*** Task inputs Section Begins ***
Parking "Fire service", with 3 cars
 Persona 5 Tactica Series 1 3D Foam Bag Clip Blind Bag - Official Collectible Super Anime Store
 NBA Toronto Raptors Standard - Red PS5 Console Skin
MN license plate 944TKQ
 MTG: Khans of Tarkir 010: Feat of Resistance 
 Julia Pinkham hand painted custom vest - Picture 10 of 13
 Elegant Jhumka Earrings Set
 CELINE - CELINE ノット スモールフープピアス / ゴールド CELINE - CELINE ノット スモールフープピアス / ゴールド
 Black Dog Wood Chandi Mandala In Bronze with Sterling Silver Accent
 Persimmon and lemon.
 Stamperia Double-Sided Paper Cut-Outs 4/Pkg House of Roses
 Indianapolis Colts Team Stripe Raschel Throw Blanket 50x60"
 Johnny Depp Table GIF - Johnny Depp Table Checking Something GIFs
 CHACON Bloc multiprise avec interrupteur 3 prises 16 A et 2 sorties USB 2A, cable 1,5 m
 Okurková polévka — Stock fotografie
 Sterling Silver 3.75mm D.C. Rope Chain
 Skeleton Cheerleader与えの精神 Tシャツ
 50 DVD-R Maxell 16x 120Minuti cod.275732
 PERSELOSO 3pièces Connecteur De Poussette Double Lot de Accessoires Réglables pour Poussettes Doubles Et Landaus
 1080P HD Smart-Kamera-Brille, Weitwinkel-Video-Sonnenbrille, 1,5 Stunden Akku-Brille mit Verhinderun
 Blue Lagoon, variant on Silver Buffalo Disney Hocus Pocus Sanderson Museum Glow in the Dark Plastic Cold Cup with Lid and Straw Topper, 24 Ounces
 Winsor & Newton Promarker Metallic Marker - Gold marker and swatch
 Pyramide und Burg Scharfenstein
*** Task inputs Section Ends ***
## Exercise
Go through the listing above and return every line where the word "Sterling" occurs.

## Result of this task
 Black Dog Wood Chandi Mandala In Bronze with Sterling Silver Accent
 Sterling Silver 3.75mm D.C. Rope Chain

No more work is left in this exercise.